Task goal
Your answer must consist of exactly the lines below, starting with the line with "Radeon RX580 4GB" and going on through the line with "predictable medium grind flow", and nothing else.
START Data for this task
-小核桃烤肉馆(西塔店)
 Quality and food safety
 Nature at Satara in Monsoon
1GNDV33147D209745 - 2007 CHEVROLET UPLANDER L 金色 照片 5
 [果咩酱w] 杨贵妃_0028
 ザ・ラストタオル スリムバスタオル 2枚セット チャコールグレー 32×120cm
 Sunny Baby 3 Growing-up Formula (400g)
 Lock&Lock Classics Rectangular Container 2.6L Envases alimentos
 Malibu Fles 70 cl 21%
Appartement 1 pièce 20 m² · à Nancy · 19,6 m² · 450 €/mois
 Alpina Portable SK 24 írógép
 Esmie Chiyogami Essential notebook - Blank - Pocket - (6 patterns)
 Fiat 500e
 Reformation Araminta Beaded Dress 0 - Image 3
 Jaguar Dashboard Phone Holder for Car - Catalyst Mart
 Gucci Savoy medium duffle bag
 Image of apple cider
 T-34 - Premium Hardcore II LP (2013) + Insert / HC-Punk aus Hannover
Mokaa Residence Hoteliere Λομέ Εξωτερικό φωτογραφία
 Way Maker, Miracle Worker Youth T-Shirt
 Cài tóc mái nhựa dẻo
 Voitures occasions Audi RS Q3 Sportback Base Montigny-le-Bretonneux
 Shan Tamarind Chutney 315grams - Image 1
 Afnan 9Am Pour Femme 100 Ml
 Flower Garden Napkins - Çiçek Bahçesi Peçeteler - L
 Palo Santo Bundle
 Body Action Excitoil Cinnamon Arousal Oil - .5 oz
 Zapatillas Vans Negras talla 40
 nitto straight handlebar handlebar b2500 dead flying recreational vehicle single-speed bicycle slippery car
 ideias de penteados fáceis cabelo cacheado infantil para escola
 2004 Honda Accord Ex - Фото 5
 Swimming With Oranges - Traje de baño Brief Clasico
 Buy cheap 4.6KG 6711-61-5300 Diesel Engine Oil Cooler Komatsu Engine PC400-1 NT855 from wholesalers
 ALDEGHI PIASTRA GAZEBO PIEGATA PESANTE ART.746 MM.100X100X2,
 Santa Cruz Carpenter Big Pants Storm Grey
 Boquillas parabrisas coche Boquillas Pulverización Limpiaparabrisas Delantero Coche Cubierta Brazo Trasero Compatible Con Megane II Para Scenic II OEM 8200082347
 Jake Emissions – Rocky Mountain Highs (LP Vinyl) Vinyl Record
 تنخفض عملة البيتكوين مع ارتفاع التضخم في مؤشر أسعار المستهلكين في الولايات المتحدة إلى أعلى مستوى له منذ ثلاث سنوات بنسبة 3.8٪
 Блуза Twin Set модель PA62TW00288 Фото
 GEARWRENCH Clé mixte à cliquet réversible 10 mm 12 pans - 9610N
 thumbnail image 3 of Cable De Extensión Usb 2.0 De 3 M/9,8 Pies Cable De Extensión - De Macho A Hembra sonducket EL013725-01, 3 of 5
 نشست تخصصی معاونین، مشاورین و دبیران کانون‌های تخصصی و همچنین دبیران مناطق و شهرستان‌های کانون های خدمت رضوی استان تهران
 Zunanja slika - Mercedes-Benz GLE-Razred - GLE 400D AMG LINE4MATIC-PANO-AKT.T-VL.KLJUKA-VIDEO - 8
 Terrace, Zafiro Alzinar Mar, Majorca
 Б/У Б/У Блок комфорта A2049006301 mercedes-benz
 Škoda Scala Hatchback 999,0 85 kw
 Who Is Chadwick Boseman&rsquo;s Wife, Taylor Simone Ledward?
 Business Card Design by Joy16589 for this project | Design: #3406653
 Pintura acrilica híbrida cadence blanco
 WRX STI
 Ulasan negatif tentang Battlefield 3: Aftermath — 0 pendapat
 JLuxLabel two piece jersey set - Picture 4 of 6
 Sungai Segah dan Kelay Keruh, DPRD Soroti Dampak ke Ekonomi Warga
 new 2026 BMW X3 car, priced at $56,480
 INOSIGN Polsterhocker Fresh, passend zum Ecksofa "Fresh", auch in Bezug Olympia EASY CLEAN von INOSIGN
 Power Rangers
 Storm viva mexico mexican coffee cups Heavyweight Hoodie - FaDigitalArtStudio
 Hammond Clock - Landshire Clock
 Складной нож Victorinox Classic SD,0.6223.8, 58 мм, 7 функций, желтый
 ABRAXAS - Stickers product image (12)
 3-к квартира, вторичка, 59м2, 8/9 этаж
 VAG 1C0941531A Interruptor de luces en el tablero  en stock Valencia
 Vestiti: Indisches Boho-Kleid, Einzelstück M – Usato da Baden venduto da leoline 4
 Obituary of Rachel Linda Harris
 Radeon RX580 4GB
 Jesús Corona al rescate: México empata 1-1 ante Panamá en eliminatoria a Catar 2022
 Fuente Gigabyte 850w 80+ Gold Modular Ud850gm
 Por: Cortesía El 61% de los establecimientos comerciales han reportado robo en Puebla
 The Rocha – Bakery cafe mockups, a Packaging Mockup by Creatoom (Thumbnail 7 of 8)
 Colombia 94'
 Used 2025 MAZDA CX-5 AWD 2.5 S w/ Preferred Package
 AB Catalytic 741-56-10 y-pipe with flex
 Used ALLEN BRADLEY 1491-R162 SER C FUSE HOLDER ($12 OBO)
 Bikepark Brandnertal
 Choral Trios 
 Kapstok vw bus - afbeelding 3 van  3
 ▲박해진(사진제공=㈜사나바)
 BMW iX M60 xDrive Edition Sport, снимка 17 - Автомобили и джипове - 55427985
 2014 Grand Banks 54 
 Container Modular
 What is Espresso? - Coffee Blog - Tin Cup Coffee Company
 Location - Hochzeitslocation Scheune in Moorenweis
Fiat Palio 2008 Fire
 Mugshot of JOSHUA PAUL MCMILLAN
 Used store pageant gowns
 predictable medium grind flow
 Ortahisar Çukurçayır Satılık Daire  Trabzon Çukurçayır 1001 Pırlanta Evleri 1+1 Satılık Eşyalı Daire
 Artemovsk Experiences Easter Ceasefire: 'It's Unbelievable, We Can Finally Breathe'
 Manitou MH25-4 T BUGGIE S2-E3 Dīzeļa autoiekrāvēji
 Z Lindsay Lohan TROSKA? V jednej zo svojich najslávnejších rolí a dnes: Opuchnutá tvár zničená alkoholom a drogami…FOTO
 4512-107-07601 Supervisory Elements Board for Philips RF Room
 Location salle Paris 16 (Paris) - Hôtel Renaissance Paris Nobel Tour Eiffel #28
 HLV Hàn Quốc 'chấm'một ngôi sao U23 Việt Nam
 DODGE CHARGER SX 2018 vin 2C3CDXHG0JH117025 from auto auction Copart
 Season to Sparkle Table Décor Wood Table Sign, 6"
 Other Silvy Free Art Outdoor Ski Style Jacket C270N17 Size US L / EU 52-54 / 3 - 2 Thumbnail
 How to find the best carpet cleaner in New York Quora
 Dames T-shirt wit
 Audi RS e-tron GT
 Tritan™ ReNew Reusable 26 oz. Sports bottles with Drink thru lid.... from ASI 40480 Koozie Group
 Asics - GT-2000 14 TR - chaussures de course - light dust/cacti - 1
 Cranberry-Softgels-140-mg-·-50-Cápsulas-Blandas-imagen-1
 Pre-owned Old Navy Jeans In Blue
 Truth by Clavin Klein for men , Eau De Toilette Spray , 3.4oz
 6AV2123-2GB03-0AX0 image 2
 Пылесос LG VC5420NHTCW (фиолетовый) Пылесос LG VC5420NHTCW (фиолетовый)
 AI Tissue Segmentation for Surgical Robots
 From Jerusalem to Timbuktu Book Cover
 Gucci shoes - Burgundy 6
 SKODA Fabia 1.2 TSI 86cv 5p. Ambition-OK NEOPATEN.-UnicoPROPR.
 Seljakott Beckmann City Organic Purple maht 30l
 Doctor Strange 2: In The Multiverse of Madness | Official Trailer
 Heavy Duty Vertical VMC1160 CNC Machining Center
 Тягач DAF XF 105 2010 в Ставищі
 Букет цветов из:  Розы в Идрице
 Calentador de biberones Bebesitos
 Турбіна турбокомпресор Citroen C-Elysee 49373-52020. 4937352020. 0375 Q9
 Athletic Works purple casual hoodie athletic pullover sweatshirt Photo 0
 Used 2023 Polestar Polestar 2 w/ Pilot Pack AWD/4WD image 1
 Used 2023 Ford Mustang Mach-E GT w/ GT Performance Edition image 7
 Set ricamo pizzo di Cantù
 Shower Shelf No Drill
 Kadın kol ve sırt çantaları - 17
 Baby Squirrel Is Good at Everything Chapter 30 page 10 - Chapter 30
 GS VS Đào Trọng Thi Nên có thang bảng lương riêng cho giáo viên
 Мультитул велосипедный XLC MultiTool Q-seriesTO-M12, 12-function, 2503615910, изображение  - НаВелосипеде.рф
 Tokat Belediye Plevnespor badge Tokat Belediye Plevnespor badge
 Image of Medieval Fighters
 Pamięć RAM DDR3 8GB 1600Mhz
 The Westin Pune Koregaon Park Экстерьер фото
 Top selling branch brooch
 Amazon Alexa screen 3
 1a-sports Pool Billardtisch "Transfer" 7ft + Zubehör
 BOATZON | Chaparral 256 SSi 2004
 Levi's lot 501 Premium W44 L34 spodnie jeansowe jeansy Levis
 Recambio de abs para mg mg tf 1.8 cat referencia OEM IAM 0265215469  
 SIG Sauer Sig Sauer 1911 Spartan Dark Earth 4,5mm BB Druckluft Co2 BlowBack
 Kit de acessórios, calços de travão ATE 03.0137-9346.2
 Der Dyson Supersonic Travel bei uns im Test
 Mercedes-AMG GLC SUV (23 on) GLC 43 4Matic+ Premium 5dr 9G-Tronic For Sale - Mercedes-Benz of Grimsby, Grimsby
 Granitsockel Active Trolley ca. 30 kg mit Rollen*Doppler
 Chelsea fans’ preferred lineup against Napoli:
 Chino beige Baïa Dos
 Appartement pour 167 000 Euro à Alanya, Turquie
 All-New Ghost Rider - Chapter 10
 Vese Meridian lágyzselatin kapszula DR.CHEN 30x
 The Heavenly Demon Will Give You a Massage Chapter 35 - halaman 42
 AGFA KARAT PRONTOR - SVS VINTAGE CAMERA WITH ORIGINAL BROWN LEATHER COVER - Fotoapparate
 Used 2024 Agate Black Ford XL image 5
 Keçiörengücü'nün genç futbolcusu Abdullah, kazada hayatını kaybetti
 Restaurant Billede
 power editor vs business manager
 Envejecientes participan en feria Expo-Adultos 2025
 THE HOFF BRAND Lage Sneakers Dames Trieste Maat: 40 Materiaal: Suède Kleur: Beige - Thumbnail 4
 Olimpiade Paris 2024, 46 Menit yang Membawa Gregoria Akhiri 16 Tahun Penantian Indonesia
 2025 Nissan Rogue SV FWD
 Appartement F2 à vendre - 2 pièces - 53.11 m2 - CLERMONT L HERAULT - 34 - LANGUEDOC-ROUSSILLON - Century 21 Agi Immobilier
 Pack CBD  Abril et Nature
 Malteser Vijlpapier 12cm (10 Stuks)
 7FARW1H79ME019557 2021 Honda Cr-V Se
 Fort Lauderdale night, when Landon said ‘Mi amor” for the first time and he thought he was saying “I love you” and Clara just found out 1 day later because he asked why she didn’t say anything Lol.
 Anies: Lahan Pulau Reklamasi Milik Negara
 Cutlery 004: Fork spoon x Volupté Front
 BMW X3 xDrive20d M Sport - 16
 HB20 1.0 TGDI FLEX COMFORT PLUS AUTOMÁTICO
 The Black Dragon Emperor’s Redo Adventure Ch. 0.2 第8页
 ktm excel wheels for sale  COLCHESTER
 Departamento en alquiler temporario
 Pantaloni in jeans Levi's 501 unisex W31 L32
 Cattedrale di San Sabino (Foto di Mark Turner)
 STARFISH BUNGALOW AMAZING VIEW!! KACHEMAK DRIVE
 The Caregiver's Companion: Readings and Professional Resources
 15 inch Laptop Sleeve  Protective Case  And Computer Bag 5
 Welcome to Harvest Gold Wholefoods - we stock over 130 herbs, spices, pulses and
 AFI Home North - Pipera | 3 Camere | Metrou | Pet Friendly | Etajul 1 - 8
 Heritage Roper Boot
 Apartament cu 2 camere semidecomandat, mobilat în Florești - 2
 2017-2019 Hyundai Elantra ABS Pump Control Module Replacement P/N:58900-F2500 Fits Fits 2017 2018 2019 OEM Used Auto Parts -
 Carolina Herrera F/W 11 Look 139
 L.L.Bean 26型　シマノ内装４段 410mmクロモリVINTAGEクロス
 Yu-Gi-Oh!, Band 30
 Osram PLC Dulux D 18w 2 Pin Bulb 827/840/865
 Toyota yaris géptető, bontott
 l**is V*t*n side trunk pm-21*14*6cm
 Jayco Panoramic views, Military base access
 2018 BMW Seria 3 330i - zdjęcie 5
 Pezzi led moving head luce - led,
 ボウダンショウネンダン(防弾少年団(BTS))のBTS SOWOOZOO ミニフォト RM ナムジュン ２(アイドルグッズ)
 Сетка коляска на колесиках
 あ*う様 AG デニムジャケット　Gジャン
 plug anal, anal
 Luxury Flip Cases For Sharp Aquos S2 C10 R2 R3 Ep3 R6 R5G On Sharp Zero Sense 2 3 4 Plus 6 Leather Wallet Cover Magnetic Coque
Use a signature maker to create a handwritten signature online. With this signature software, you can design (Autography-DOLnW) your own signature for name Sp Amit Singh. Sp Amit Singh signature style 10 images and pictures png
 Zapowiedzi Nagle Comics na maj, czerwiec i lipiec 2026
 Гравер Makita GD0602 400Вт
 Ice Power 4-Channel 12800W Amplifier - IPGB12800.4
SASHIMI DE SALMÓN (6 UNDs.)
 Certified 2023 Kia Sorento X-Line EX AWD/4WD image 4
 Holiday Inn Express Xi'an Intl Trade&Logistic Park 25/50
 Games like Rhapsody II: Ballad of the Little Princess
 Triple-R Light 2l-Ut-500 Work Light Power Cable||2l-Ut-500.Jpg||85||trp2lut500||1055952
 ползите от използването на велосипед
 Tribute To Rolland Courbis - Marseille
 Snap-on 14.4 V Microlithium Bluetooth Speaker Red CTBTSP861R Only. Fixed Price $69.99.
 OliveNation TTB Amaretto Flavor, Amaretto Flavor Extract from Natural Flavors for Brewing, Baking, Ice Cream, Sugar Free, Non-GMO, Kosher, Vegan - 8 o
END Data for this task
Response below
 Radeon RX580 4GB
 Jesús Corona al rescate: México empata 1-1 ante Panamá en eliminatoria a Catar 2022
 Fuente Gigabyte 850w 80+ Gold Modular Ud850gm
 Por: Cortesía El 61% de los establecimientos comerciales han reportado robo en Puebla
 The Rocha – Bakery cafe mockups, a Packaging Mockup by Creatoom (Thumbnail 7 of 8)
 Colombia 94'
 Used 2025 MAZDA CX-5 AWD 2.5 S w/ Preferred Package
 AB Catalytic 741-56-10 y-pipe with flex
 Used ALLEN BRADLEY 1491-R162 SER C FUSE HOLDER ($12 OBO)
 Bikepark Brandnertal
 Choral Trios 
 Kapstok vw bus - afbeelding 3 van  3
 ▲박해진(사진제공=㈜사나바)
 BMW iX M60 xDrive Edition Sport, снимка 17 - Автомобили и джипове - 55427985
 2014 Grand Banks 54 
 Container Modular
 What is Espresso? - Coffee Blog - Tin Cup Coffee Company
 Location - Hochzeitslocation Scheune in Moorenweis
Fiat Palio 2008 Fire
 Mugshot of JOSHUA PAUL MCMILLAN
 Used store pageant gowns
 predictable medium grind flow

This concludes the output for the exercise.